# Tourist Visa For Pinoy



## Brom143 (Oct 21, 2016)

Hi I hope everyone is okay. I just have a quick question so I hope someone can help.

I know someone (Filipino) who has a German boyfriend who wish to visit Germany for 3 months. She's not quite sure what to say because someone advice her that she should state that she would visit a "FRIEND" not mention that it's her "BOYFRIEND" because they would refuse it right away. Can you give some insights about this? I'll be glad to hear from you.
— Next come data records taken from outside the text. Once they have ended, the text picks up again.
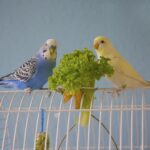 pappagallo-intossicazione-frutta-insalata-gabbia
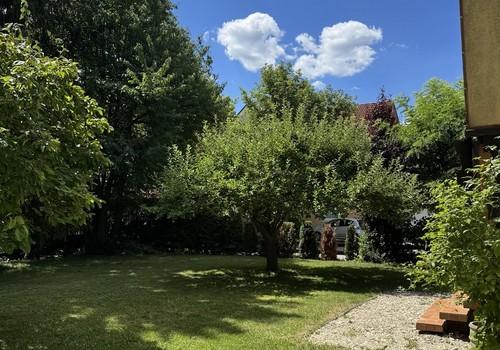 Seitl. Gartenansicht
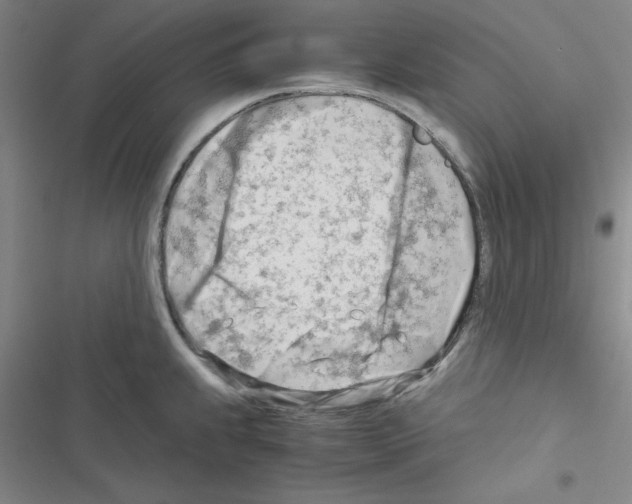 X0000116661239201001251211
Sent from my SM-G920F using Tapatalk


----------



## *Sunshine* (Mar 13, 2016)

It is generally not a good idea to apply for 3 months for your first Schengen Visa. How are you going to prove that you have ties to your home country and will leave after 3 months? It is usually better to apply for no more than 3 weeks the first time and demonstrate strong ties to home.


----------



## Brom143 (Oct 21, 2016)

*Sunshine* said:


> It is generally not a good idea to apply for 3 months for your first Schengen Visa. How are you going to prove that you have ties to your home country and will leave after 3 months? It is usually better to apply for no more than 3 weeks the first time and demonstrate strong ties to home.


Okay thank you for taking time to reply. I will tell her about that. What about the relationship to the sponsor? Is it better to say that she's only visiting a friend or just be honest and upfront about it? They have plans to get married soon if they get along well and settle in Germany, which to me btw is a bit silly. 

Sent from my SM-G920F using Tapatalk


----------



## koreamitti (Aug 19, 2017)

Brom143 said:


> Okay thank you for taking time to reply. I will tell her about that. What about the relationship to the sponsor? Is it better to say that she's only visiting a friend or just be honest in and upfront about it? They have plans to get married soon if they get along well and settle in Germany, which to me btw is a bit silly.
> 
> Sent from my SM-G920F using Tapatalk


 Relation with sponsor is mandatory ??


----------